Параллельно с этим лингвистическая теория мифа продолжила свое развитие в рамках весьма влиятельной солярно-метеорологической теории, представители которой А. Кун, Дж. Кох, В. Шварц, Ф. Вендорф и ряд прочих рассматривали формирование мифологических образов в контексте восприятия природных явлений и в первую очередь метеорологических и астрономических, формирующих определенный комплекс представлений, порождающих феномен мифологии. Особо стоит выделить позицию А. Куна, который уделял внимание проблеме единства мифоэпического сознания индоевропейской общности, трактуемой им в качестве единого культурного пространства, что было представлено в докладе, посвященном сравнительной мифологии индогерманцев «О происхождении Огня и Божественного Напитка». Он обращался к концепции «золотого века», именуемого «эпохой индогерманского единства», концентрируя внимание на фактическом распаде обозначенного им объединения, но сохранении при этом универсальной, по мнению мыслителя, интерпретации божественного. Отталкиваясь от эллинского Теос, он идентифицировал его с германским Тюр, или же индийским Дэва, сводя к эмпирически фиксируемым явлениям – радуге, грозе, молнии, движении облаков. Он отказывается при этом от концепции изначального монотеизма и демонстрирует феномен «древнейшей единой мифологии». В то же время сторонники описываемого течения стремились обозначить сохранение в массовом сознании механизма отражения образов, запечатленных в «Старшей и Младшей Эдде», акцентируя тем самым внимание на возможности сохранения эффекта нивелирования грани между мифологическим и реальным, сохраняя мироощущение, основанное на возведении человека в категорию «творца Космоса».

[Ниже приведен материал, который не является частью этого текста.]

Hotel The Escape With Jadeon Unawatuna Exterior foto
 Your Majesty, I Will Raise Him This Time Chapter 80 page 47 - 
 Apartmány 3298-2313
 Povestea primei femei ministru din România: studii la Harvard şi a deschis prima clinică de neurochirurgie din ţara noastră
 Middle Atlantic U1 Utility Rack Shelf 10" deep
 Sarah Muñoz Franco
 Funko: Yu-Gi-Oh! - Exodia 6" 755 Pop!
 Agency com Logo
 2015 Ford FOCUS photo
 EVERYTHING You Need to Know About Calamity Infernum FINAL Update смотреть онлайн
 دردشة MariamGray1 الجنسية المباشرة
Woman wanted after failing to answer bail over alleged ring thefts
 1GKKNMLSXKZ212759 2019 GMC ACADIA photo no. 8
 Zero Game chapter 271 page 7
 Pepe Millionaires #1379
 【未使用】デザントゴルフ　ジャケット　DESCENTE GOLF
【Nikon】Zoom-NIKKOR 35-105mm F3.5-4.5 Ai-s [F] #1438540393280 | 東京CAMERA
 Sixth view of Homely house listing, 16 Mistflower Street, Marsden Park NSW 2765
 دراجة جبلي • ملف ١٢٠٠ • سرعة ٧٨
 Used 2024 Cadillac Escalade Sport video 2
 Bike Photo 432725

Развитие сравнительно-исторической мифологии подтолкнуло к появлению целого комплекса дискуссионных вопросов, связанных с проблемой формирования феномена мифа. Одной из таких проблем была концепция диффузного распространения комплекса базовых мифологем из единого первоисточника. В качестве такового различные исследователи рассматривали египетско-колхидскую мифологическую традицию, которую выделяли С. Краут и П. Фукар, что сопряжено с появлением «панегиптизма». Или же индийскую мифологию, что связано с мнением Т. Бенфея, семитскую традицию и пр. Диффузионизм получил устойчивый стимул к развитию на фоне дарвиновской теории эволюции, который повлиял на оформление как концепции моногенеза мифа, так и его полигенеза. Сложилось также представление о том, что, как и биологическая, культурная эволюция может идти либо дивергентно, либо конвергентно. При этом дивергенция вписывалась в концепции моногенеза, а конвергенция – в теорию полигенеза культуры, что не уменьшало недостатков описываемых теорий. При этом научные школы, учитывая процесс обращения европейских «национальных идеологий» к мифологическому прошлому, метались от идеи «пан-Европы» к поиску принципов национальной идентичности народов, выводя проблему происхождения мифа на второй план, но тем не менее не отказывались от нее.